One of the greatest challenges facing them that have amerced wealth with huge capital accumulation is the management of their wealth. While one factor leads to another, accumulating wealth is one of the greatest ordeals of the present and the ancient world, so is the management of the same. Therefore, in the analysis of wealth accumulation, it is proper to examine the various aspects of wealth management issues within the spectrum of the behavioral finance. While pursuing this course, the purpose of this study involves taking an objective examination into the issues of wealth management, the demonstration of an understanding of the wealth management issues from a client perspective. More than that, the study draws its observations from upon behavioral biases, asset allocation, tax and lifetime advice concepts, and personal research into technical and communication issues in relation to providing advice.
Wealth Management Issues
Wealth management issues are a social, economic, and financial issue that does not affect only from the personal perspective but also from a societal perspective. In the study of a disciplined approach to ensure an individual financial well-being, Bukovansky (2018) argues that research has come up with about 13 different wealth management issues that are very critical for a proper financial well-being of a family or society or an individual. These issues require certain vital approach to address these wealth management concerns from a disciplined perspective. The criticality of such disciplined approach in dealing with such issues involves ensuring creation and growth of wealth itself, protection and preservation of wealth that has been created as well as transferring that wealth that has been created, the excess of it, during a life (Chang, & Tsai, 2016). Finally, they are vital in helping in passing the wealth on through an individual estate at death.
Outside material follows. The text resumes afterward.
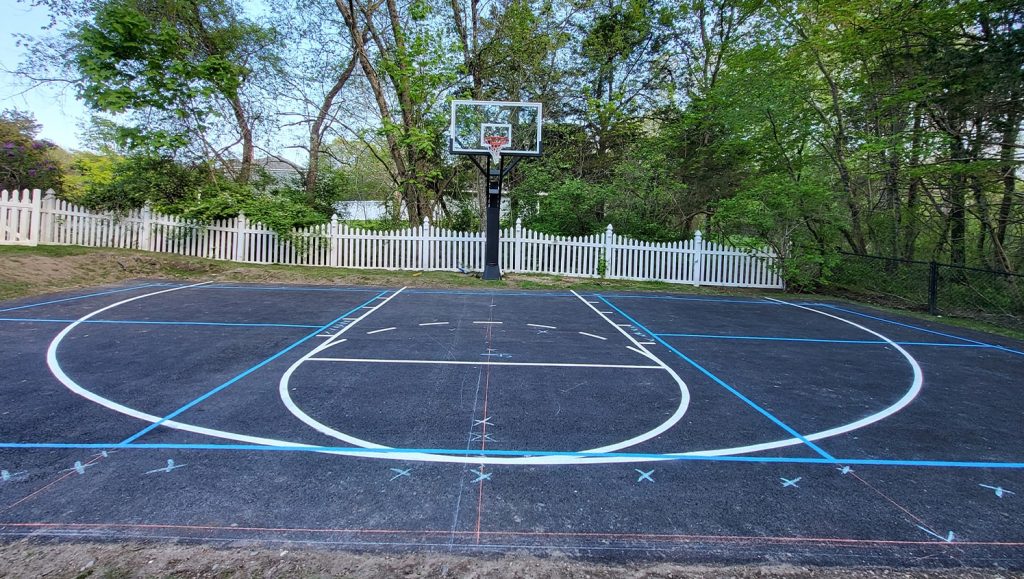 close-up of freshly painted lines for basketball court for Pietrunti Construction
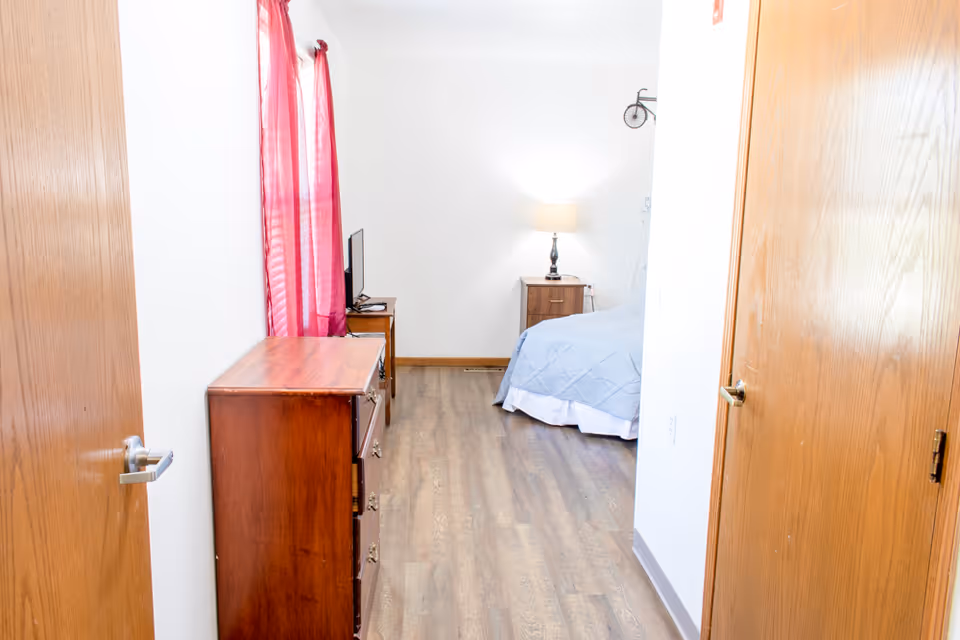 View into a small bedroom from the doorway, showing a wooden dresser, red curtains, a bed with gray bedding and a bedside table with a lamp.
Among the issues addressed include investment management, the flow of cash and management of debts, family risk management, the retirement planning, education planning, legacy planning, business planning, and special situations planning. These issues also involve investments, stock compensation, insurance, distribution of wealth, asset protection among others. Based on the client interviewing result, this study effectively covers most of the issues so that the client may be in a position to prioritize and address the concerns of the remaining wealth management issues. In the event the client is in a position to address these issues individually, it would be easier to work with the financial planners effectively (Zaremba & Umutlu, 2018). More than that, it would be possible to instill some of the disciplined approaches to handle the wealth management need of the client, since these approaches are derived from proven strategies for planning for the future financially.
Investment management: Each client, an individual in this case, has financial priorities in life. Therefore, a unique investment strategy must be established or developed for an individual based on these priorities, horizon of time, goals, and tolerance of risk. In this case, there is a prudent requirement for an investment plan that is diversified enough and maintained through the process of balancing as well as reallocation in a formulation process. Based on the study done by Koeberle-Schmid, Kenyon-Rouvinez & Poza (2014), these approaches in dealing with investment management, a client may be in a position to assess his or her overall portfolio before building a long-term investment strategy and diversify assets. This is where there is involvements of tax implications.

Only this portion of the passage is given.